Even when we made substantial changes to the policy design to improve the situation, the amount available for retirement funding was only a portion of the cash value he started with.  This means that though he was taking an 8% market risk, he was realizing a negative return.  I realize he had the perk of a death benefit, which may be valuable, but that was ancillary to the fundamental purpose of the transaction and certainly not worth enough to justify the economics of the deal.  Upon learning this he bailed on the transaction and put his money to better use.  He had simply assumed some things based on his limited understanding and what he had been told and had never had his assumptions validated by performing objective calculations.  What if you thought you were earning 8% in your 401(k)  based on what you were led to believe and then discovered you were earning 4% or 2% or negative 5%?

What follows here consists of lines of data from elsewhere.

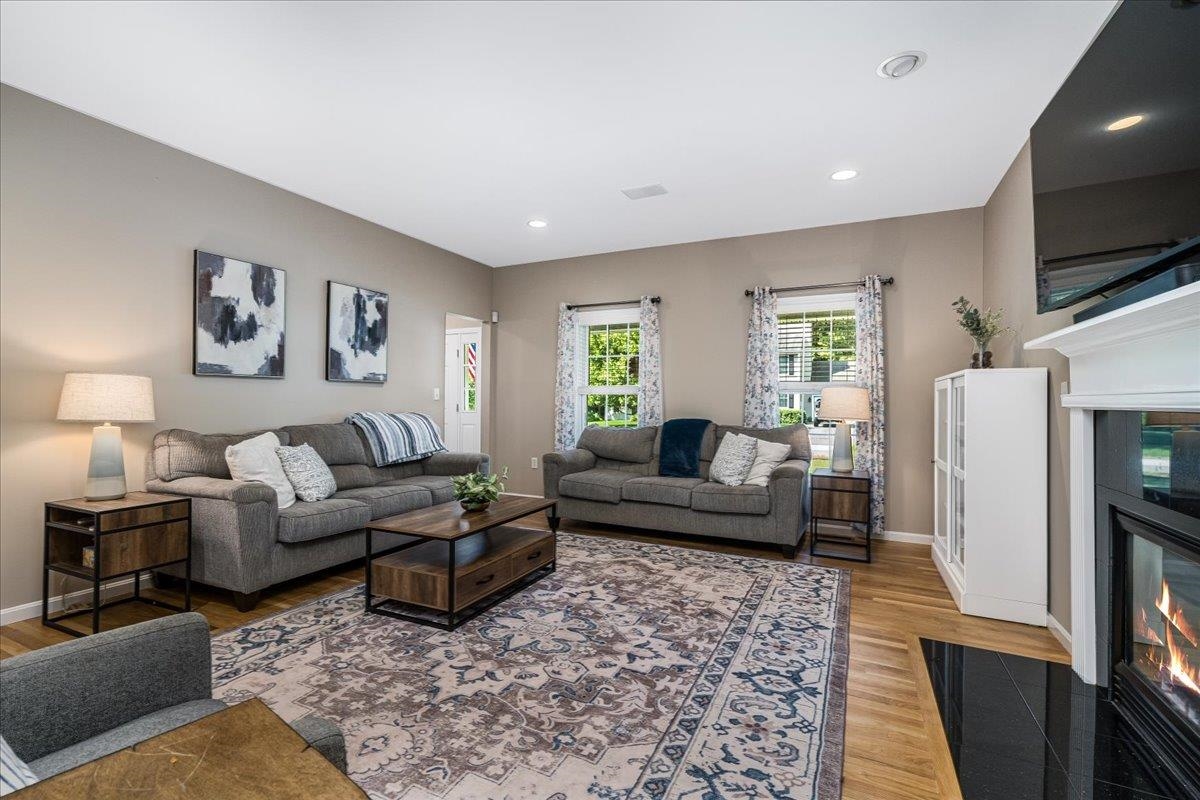 Merrimack, New Hampshire 03054, United States, 5 Bedrooms Bedrooms, ,4 BathroomsBathrooms,Residential,Active,178224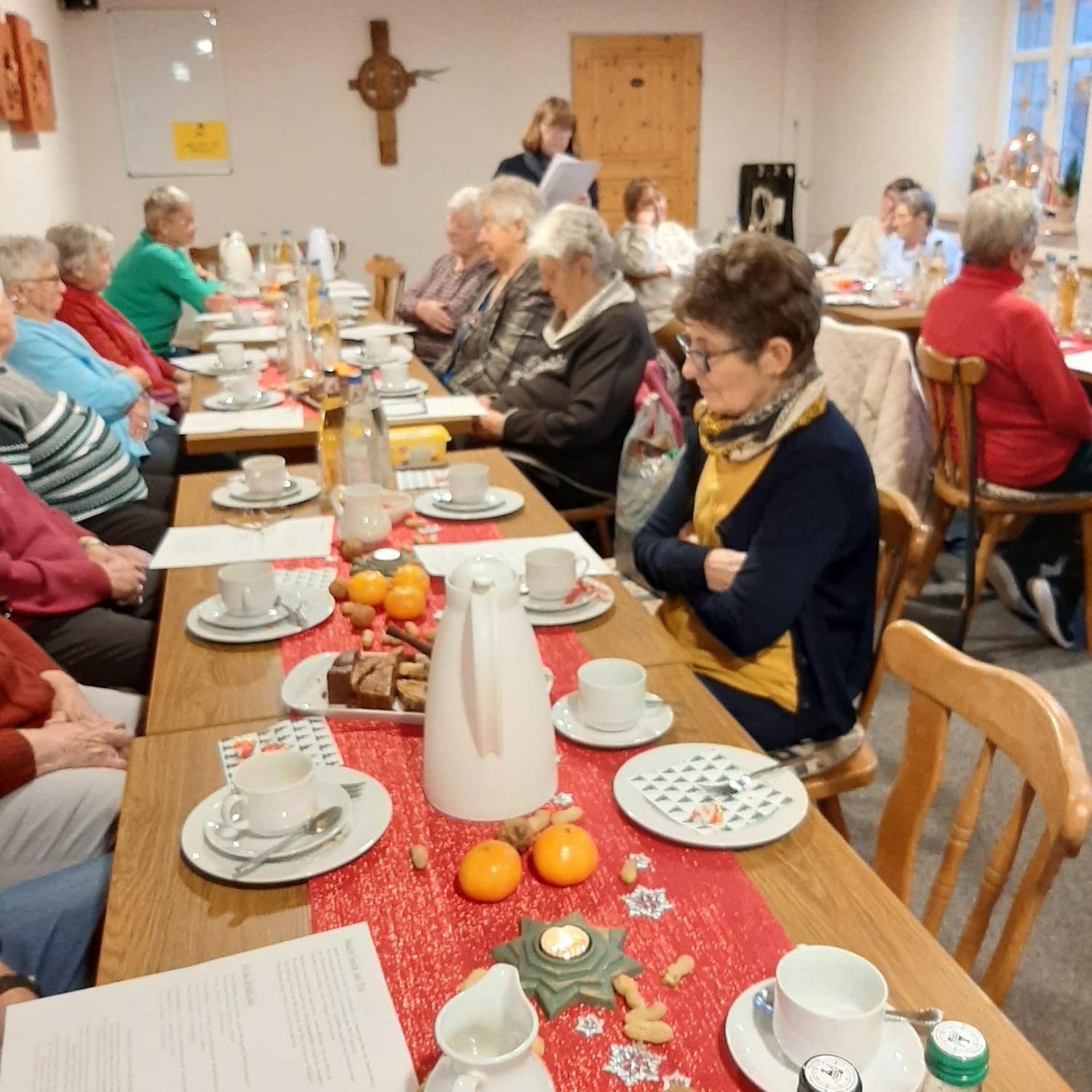 Adventfeier der Junggebliebenen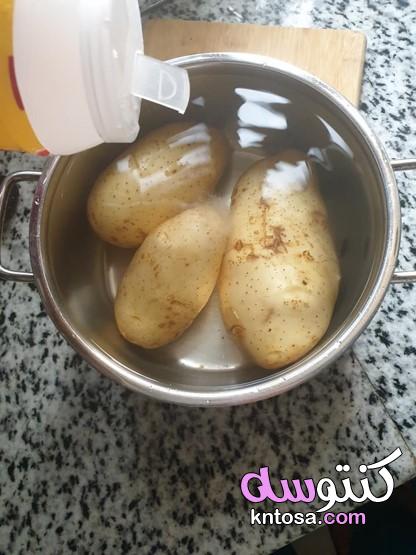 طريقة عمل كرات البطاطس بحشوة جبنة الموزاريلا،البطاطس الكروكيت بالجبنة الموتزريلا سهلة جدا وبسيطة kntosa.com_19_21_161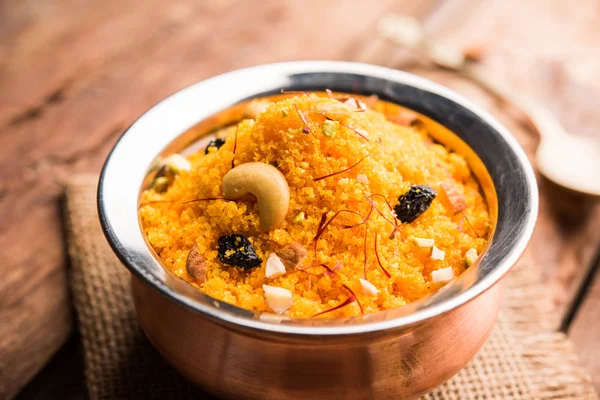 巴达姆 凯萨尔 谢拉或杏仁藏红花哈瓦 在碗里盛放在印度的流行甜点 选择性对焦 — 图库照片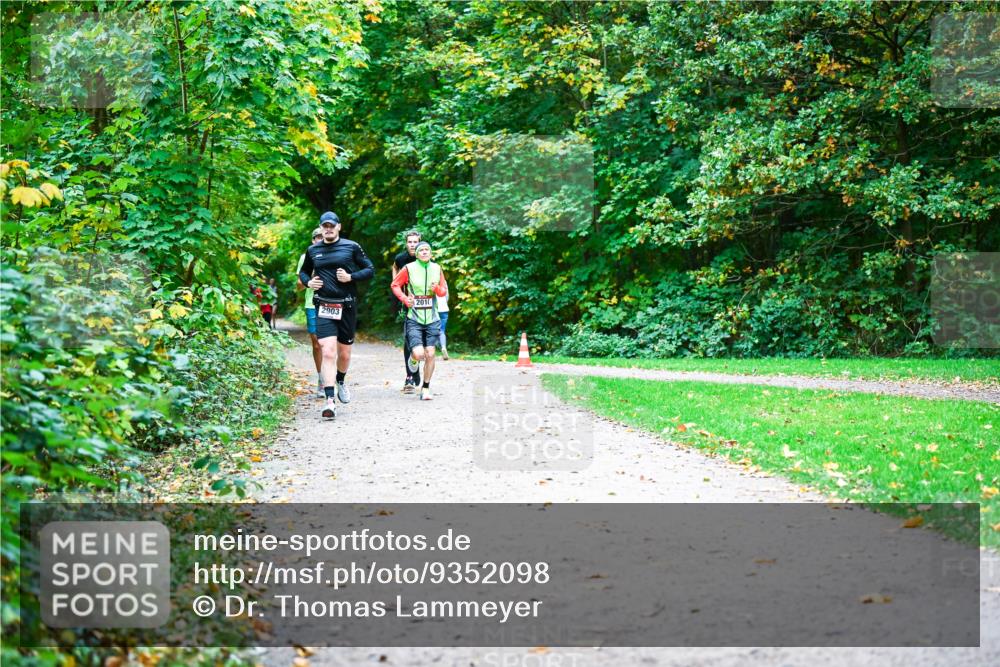 12.10.2025 - Bramfelder Halbmarathon 2025 Dr. Thomas Lammeyer http://msf.ph/oto/9352098 12.10.2025 10:42:13 Laufen 2903, 2010 meine-sportfotos.de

This is why understanding the expense structure of contracts is so important.  Whatever one is spending money on needs to be understood and a decision needs to be made that it is worth it.  I don’t think that any torturing of the cost/benefit analysis would have made this last example worthwhile.  However, getting $10,000,000 of insurance for $100,000 a year while projecting a net 3% on a gross 9% return may be fantastic…  if understood.

Transparency is of utmost importance and every pragmatic effort to pierce the black box nature of life insurance should be made.  Private Placement Life Insurance (PPLI) is a product class which puts a premium on that.  If you have ever reviewed a PPLI proposal you will likely see multiple columns segregating and identifying the fees and expenses much more cleanly than others along with various expense ratios.  Even the annual IRR on premium to cash value may be included right in the ledgers.  (Many products I reference above have an expense page which provides much of the same information but is seldom provided as it is not a mandatory part of the sales ledger.)

I was always taught to run towards potential objections or suspicions rather than away from them and that is what PPLI and these optional expense pages do.  There is still a spread between crediting and earnings but it is laid out very clearly and is putting it into context relative to one’s objectives, whether that be income tax savings or death benefit protection.   Of course, many of our clients don’t have the millions of dollars necessary to get over the PPLI threshold but the concept of transparency should be emulated in all products if crediting rates continue to be a central tenant of the sales process.

I realize that income tax planning is a big driver in many of these transactions and I have not touched on that and it needs to be incorporated into the discussion.  However, these numbers are important on their own as many consumers and advisors I meet with still believe the touted gross crediting/market return/dividend rate is being applied to their money and the tax saving are on top of that!

Pull out your calculator or call me for a customized spreadsheet.  This isn’t an attempt to kill deals (unless the process highlights malfeasance).  Quite the contrary; it’s an attempt to make everyone comfortable and to mitigate objections.  If a salesperson is worried that the real IRR coming to light will tank a deal, there were bigger issues from the outset.